Problem description => Only the pictures are to be left out; return the rest of the data exactly as it stands.

Data segment =>
★ ★ ★ ★ ★
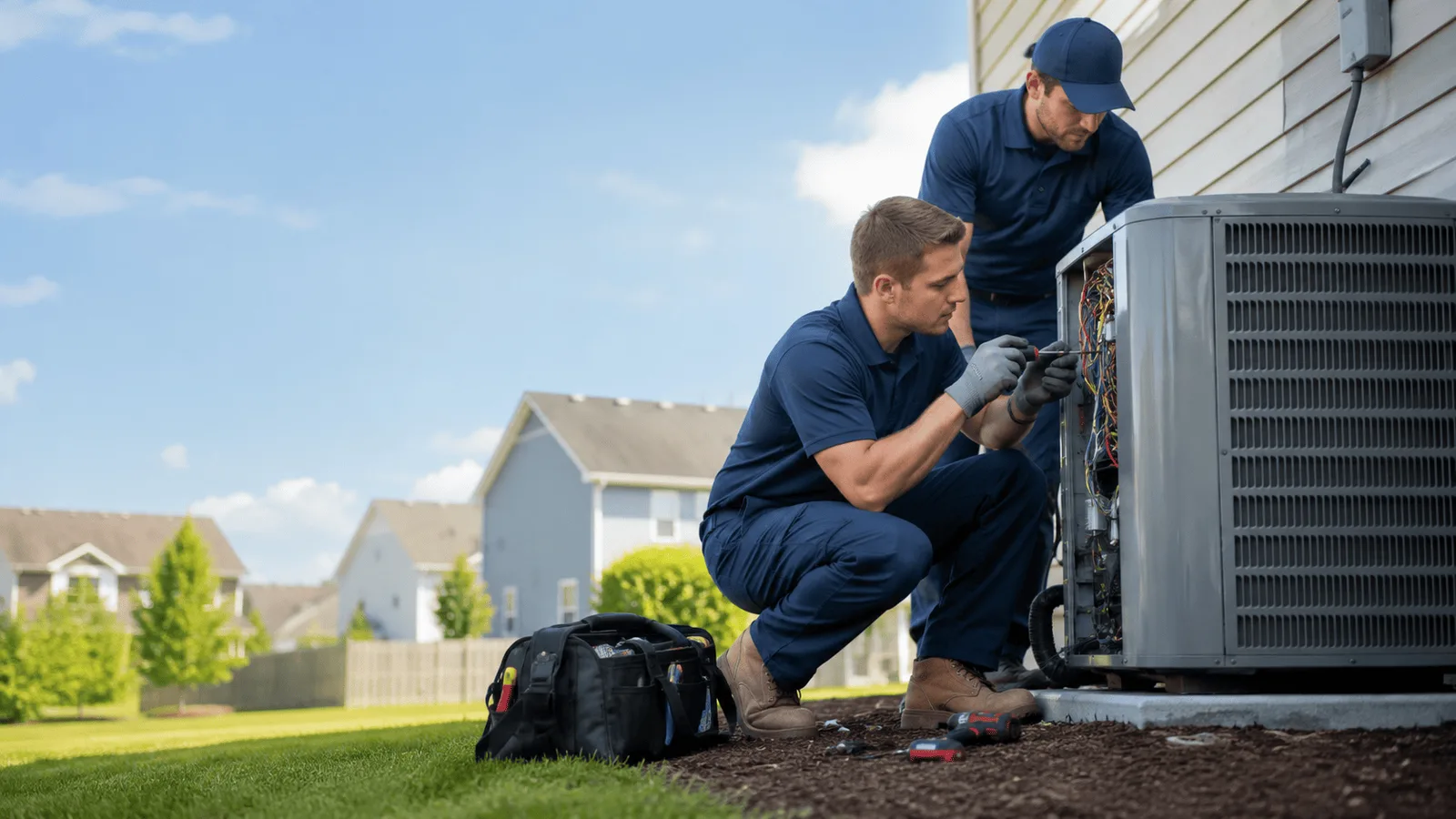 Heat Pump Installation in Big Rapids, MI near me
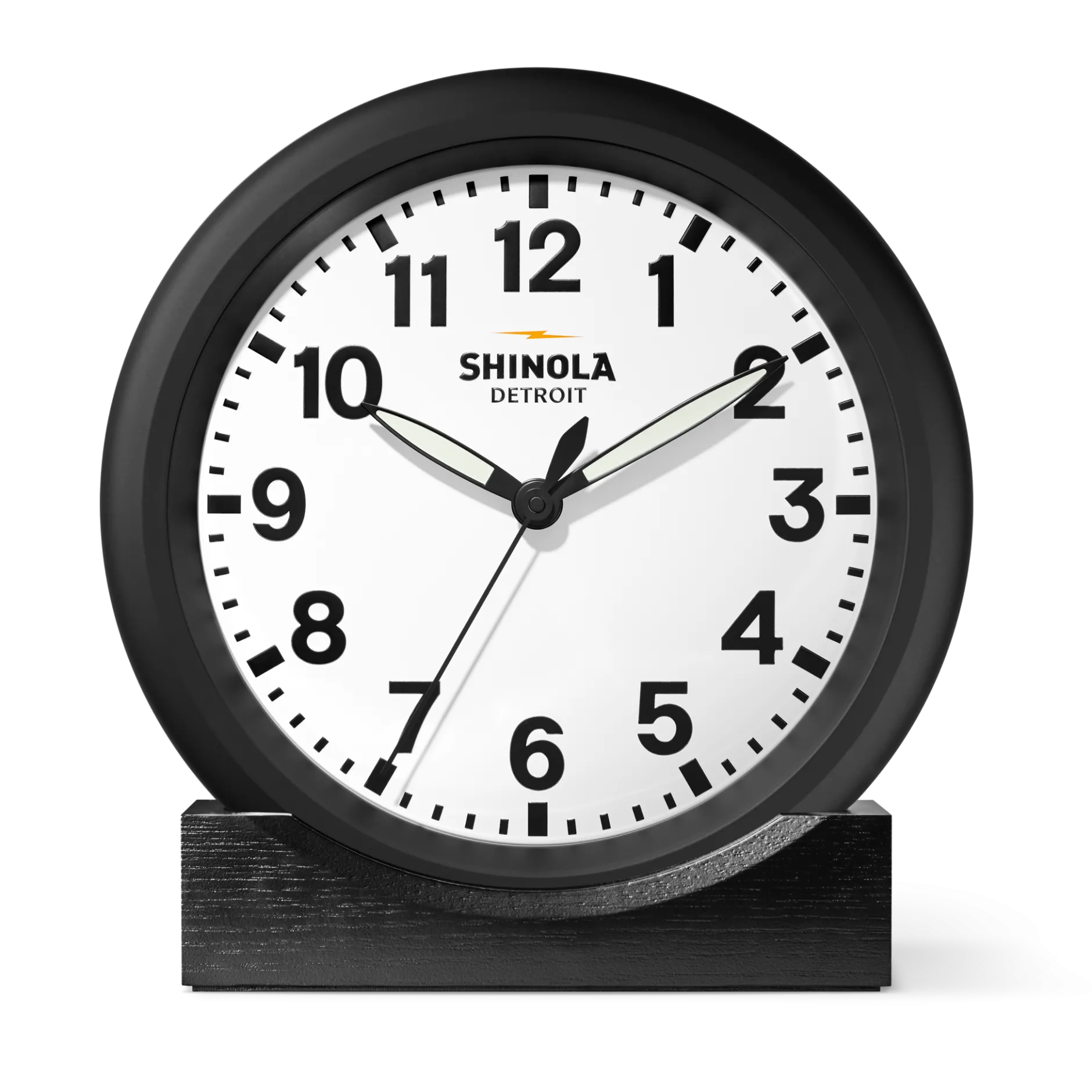 Sale Shinola 14" Runwell Clock White/Black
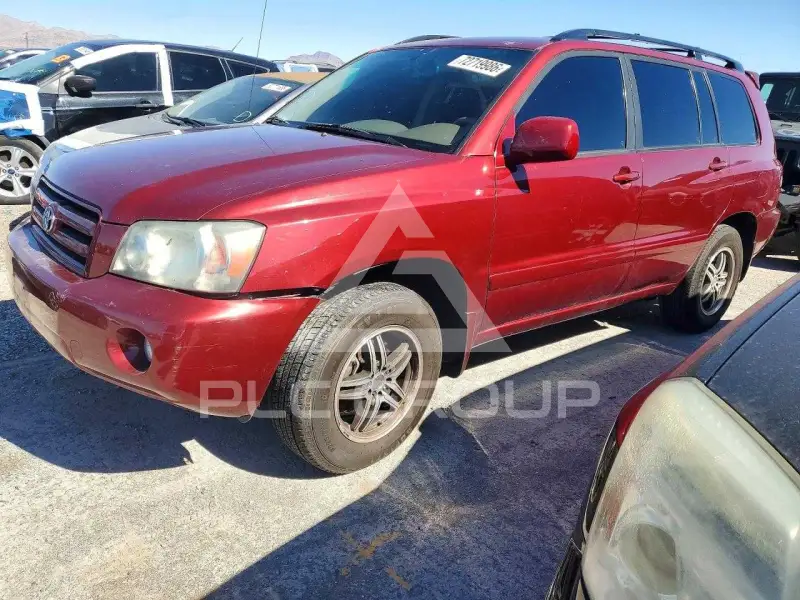 2005 Toyota Highlander фото
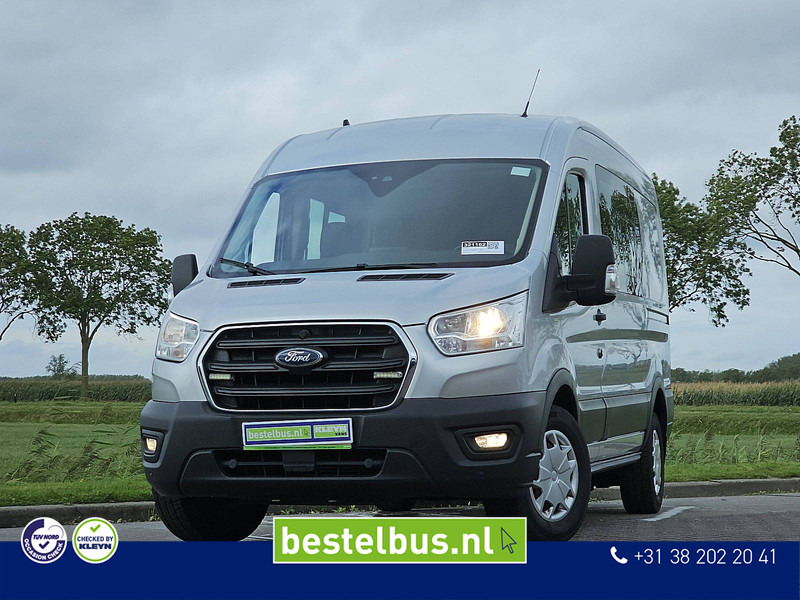 Ford Transit 350 ac aut. DC EURO6 - Цельнометаллический фургон: фото 1 Ford Transit 350 ac aut. DC EURO6 - Цельнометаллический фургон: фото 1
★ ★ ★ ★ ★
Solution for this exercise =>
 Heat Pump Installation in Big Rapids, MI near me
 Sale Shinola 14" Runwell Clock White/Black
 2005 Toyota Highlander фото
 Ford Transit 350 ac aut. DC EURO6 - Цельнометаллический фургон: фото 1 Ford Transit 350 ac aut. DC EURO6 - Цельнометаллический фургон: фото 1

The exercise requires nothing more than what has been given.